Most Canadians say that, if they had a choice, they would prefer to die at home. But what happens when you don’t have a home?

For thousands of people living on the streets, the reality is they often get no end-of-life care at all, and are much more likely than other Canadians to die alone.

But a new hospice that opens today in Toronto is hoping to change that. The Journey Home Hospice, a partnership involving Inner City Health Associates, Hospice Toronto and Saint Elizabeth Foundation, will offer 10 beds, a warm setting, and professional care to as many as 50 people a year who have nowhere else to go in their dying days.

Dr. Naheed Dosani is a palliative care physician with Inner City Health Associates who has been working to get the hospice going. He says living on the streets is hard enough, but facing the prospect of dying on the streets is even harder.

“When you don’t have a home, you need a caring, warm place,” he told CTV’s Your Morning on Monday.

Dr. Dosani notes that homeless people typically live with poor health and die at a much younger age than the rest of Canadians. The average life expectancy for someone who is homeless ranges between 34 and 47 years old, whereas the rest of us can expect to live to between 77 and 82, on average.

“It’s a population that suffers from a high burden of disease,” Dosani explained. “Those who are homeless are 28 times more likely to have hepatitis C, five times more likely to have heart disease, and four times more likely to have cancer.”

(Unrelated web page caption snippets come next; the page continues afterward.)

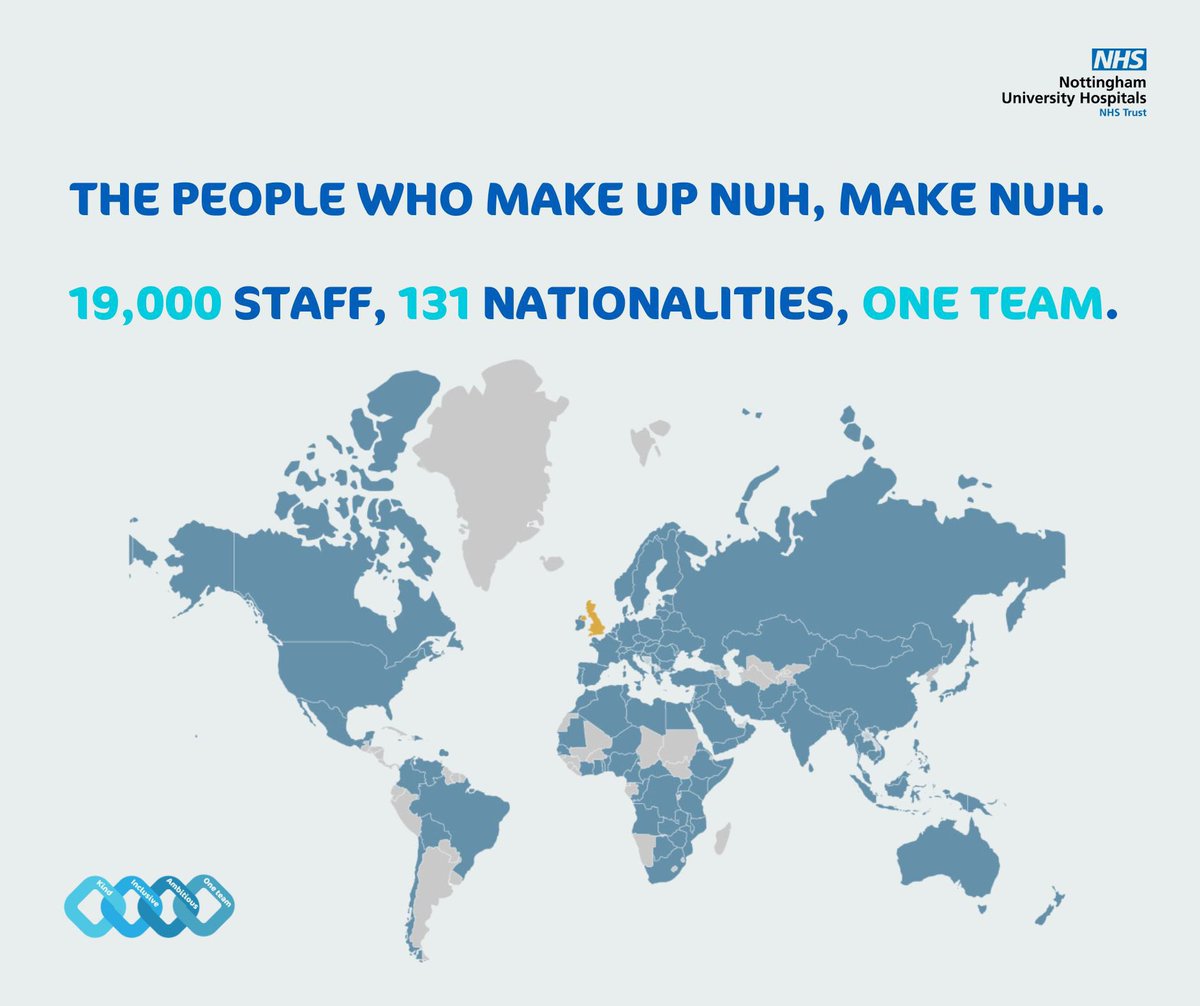 This is NUH! Proud to be part of a diverse workforce and embrace all our colleagues #OneTeam <a href="/nottmhospitals/">Nottingham University Hospitals</a> <a href="/PINCNUH/">PINC NUH 🏳️‍🌈</a> A big thank you to our CEO, Chair and Executives who make us feel valued
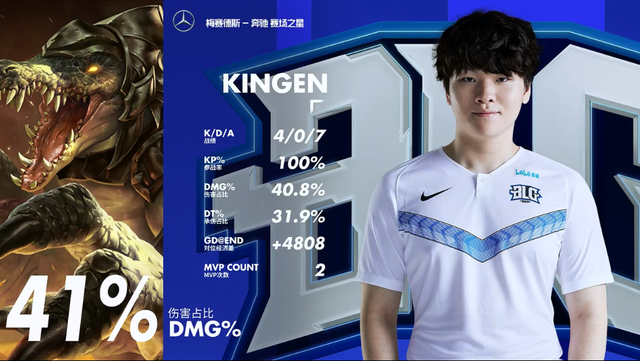 球队的轮换 球队的轮换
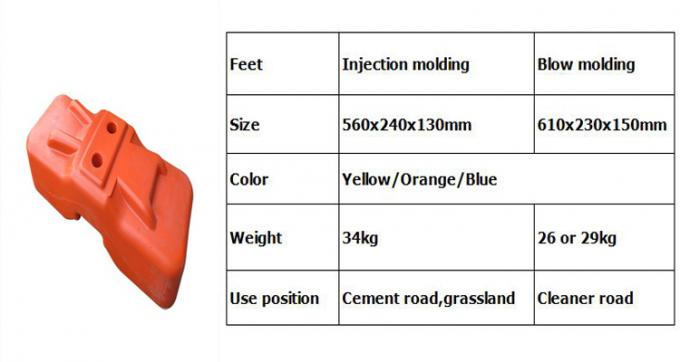 hakkında en son şirket haberleri Galvanizli geçici çıkarılabilir Şantiye Koruma Çiti  3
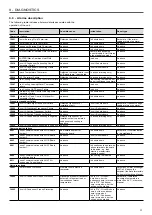 Предварительный просмотр 31 страницы Carrier Touch Pilot Control Series Control Manual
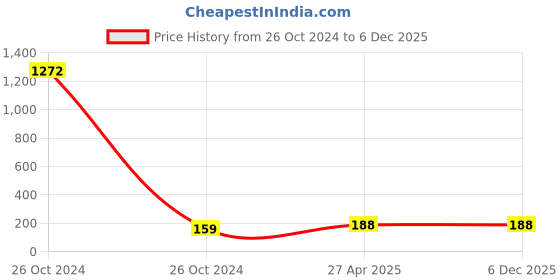 industrybuying.com Finolex Plasson PN-16 32 mm*1 inch Compression Fitting FTA finolex plasson Price History Graph from 26 Oct 2024 to 5 Dec 2025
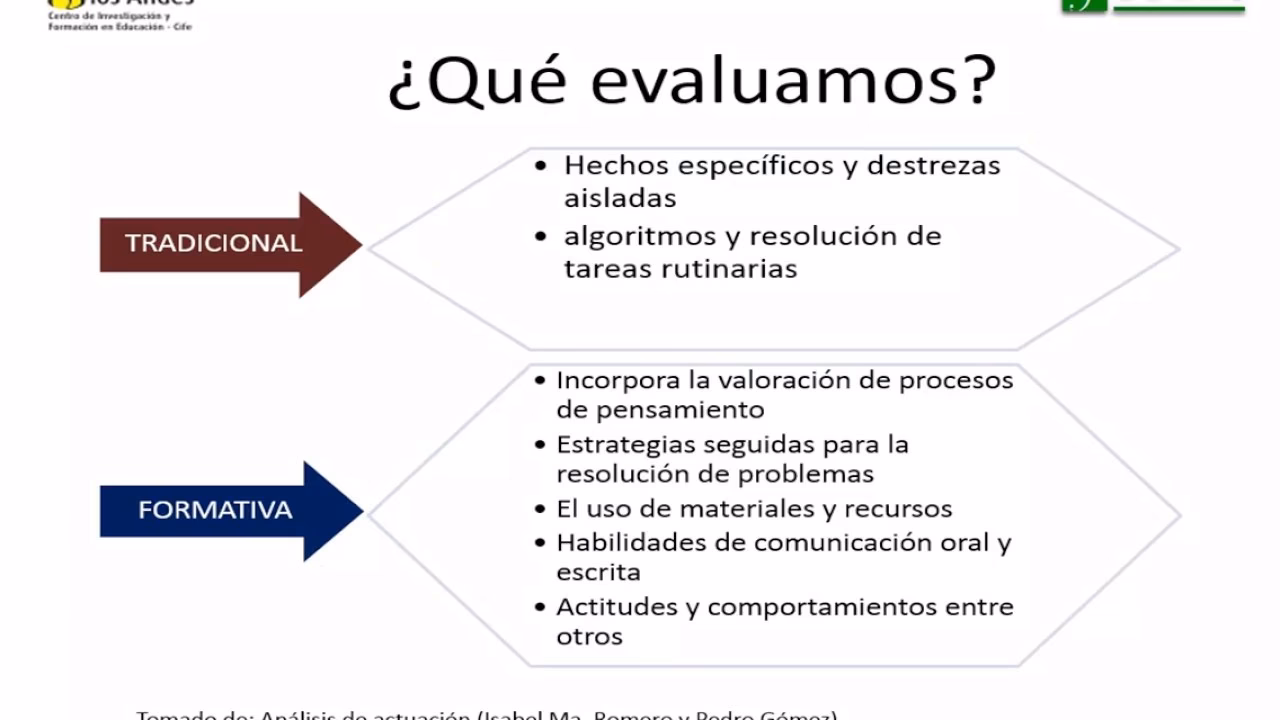 ¿Cómo se puede validar el conocimiento matemático?
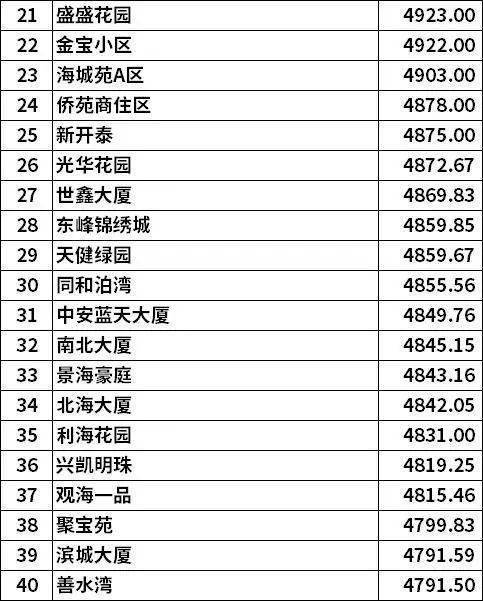 2021北海人口_广西省北海莫氏人口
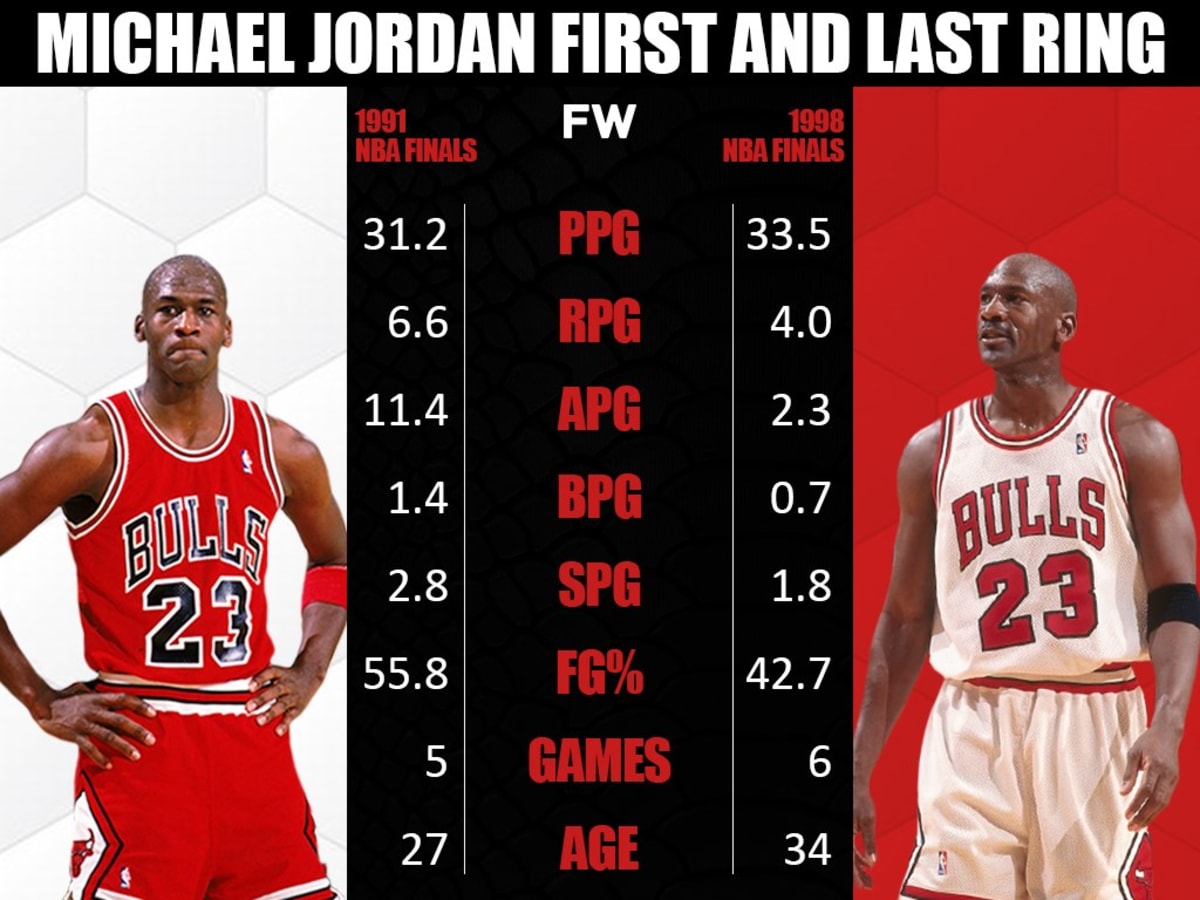 Michael jordan on sale 1st ring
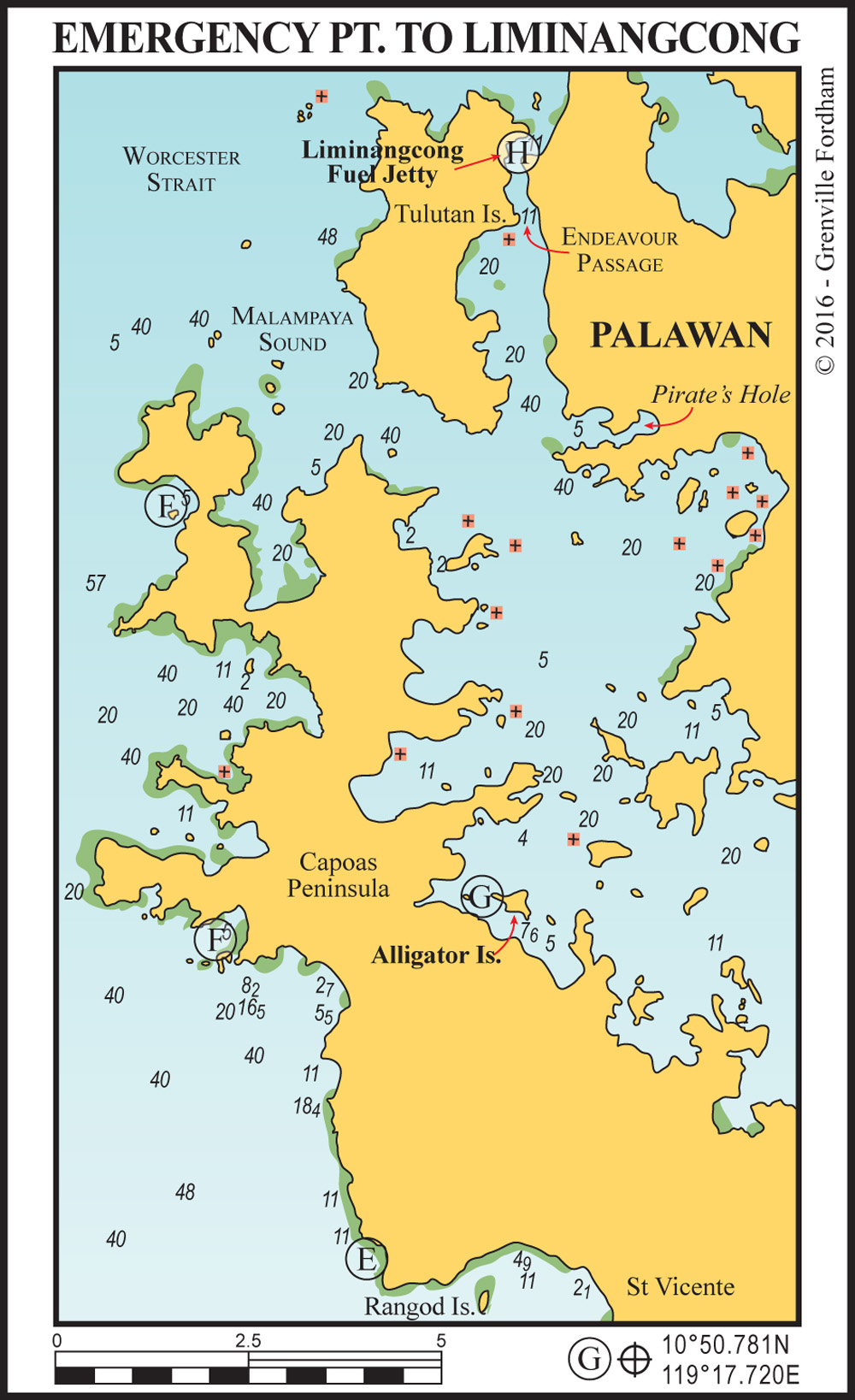 Alligator Point Tide Chart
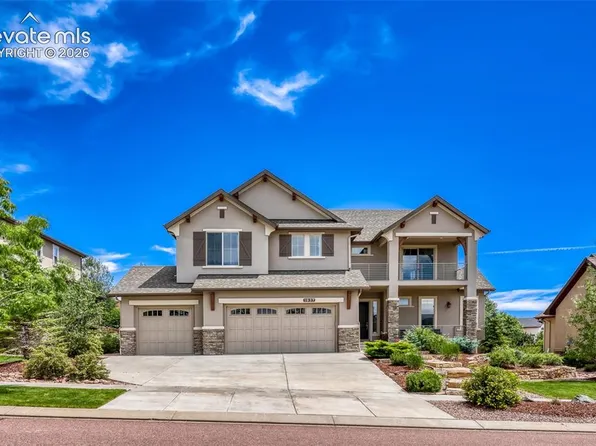 1937 Redbank Dr, Colorado Springs, CO 80921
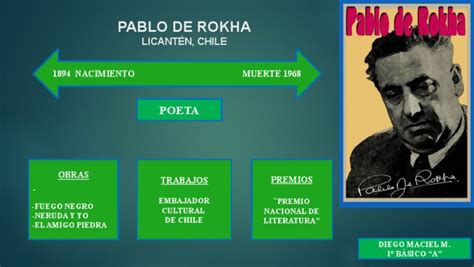 Fotografía de Pablo de Rokha, poeta chileno.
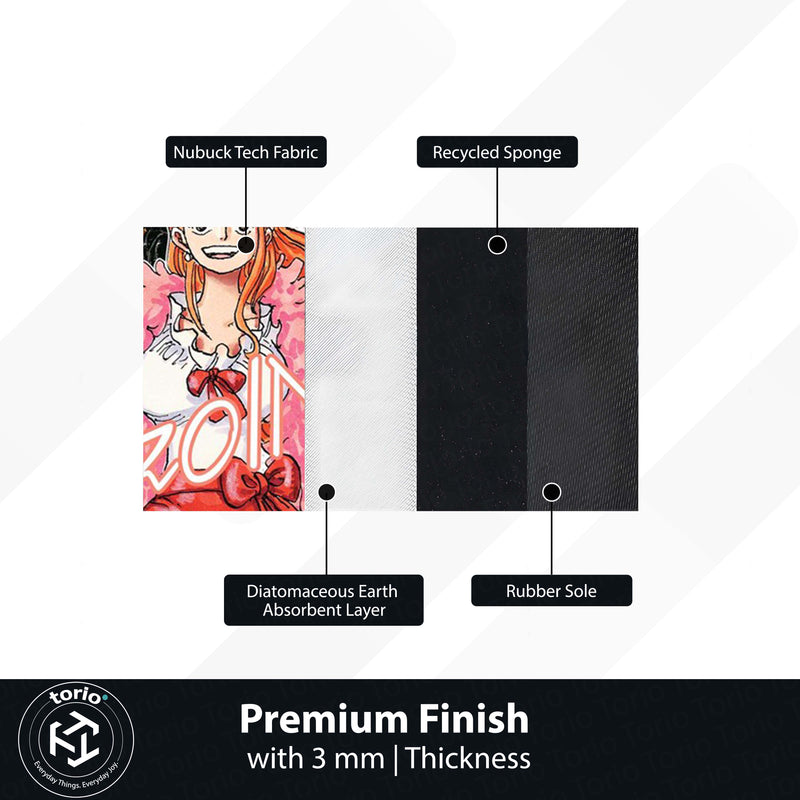 One Piece Manga Collage Floor Mat | Luffy Straw Hat Pirates Anime Rug | Anti-Slip 3mm Absorbent Floor Mat for Gaming Room, Bedroom & Otaku Setup (Copy)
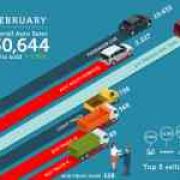 Philippine auto industry logs 30,644 unit sales in February 2019 image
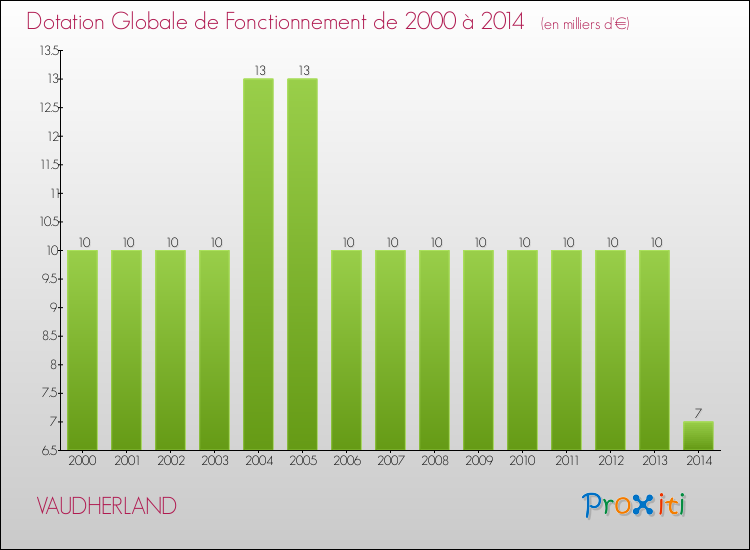 Evolution du montant de la Dotation Globale de Fonctionnement pour la commune de VAUDHERLAND de 2000 à 2014 Evolution du montant de la Dotation Globale de Fonctionnement pour VAUDHERLAND de 2000 à 2014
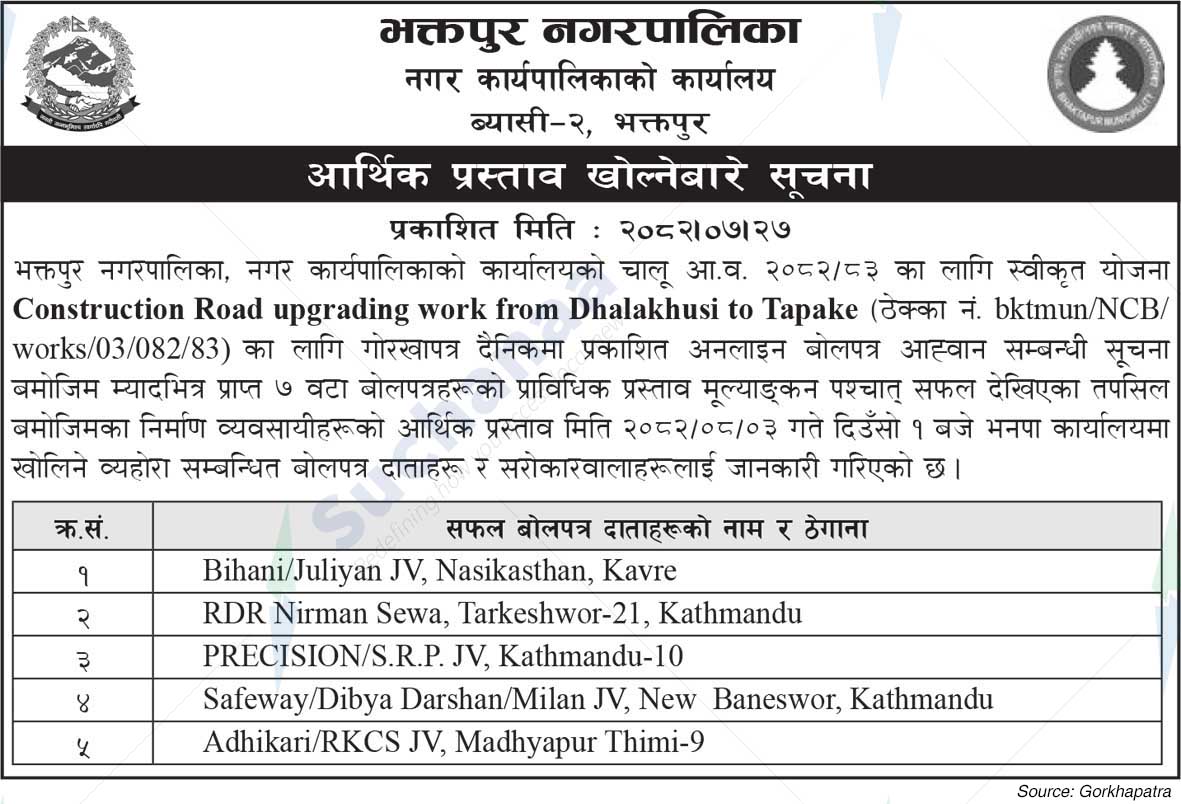 Bhaktapur Municipality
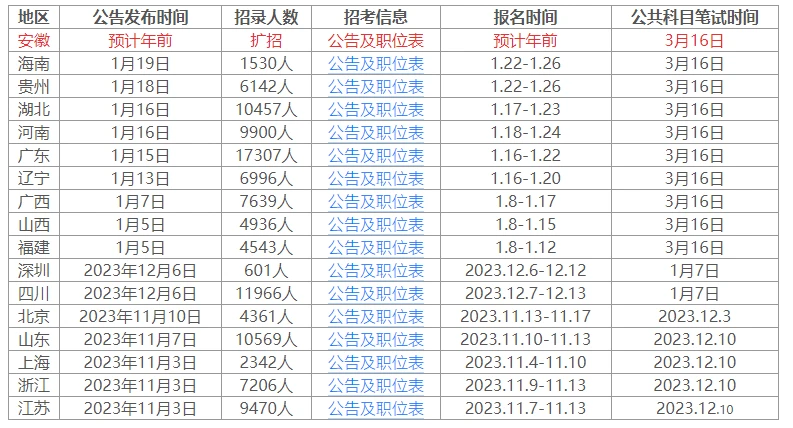 關(guān)于公務(wù)員考試時(shí)間，探討2025年具體安排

The hospice will help those who are homeless navigate the health care system in their final days – a system that Dosani notes is very much geared for people with a home. Most homeless people don’t have loved ones who can get them to appointments, or help them deal with the side effects of medications. Most don’t have a warm bed to rest after appointments; many don’t even have a phone.

Staff at the Journey Home Hospice will help patients with all those worries, giving them the care they need as well as a dignified death.

Journey Home will be the second facility in Ontario to offer end-of-life care for the homeless, after the Ottawa Mission opened a hospice of its own in 2001. Dosani hopes that, if it is a success, the Ontario government will open more such facilities like his.

“It really begs the questions of what a human life is worth,” he said. “If we live in a society where all of our lives are worth the same, then I think investing in something like Journey Home Hospice makes a lot of sense.”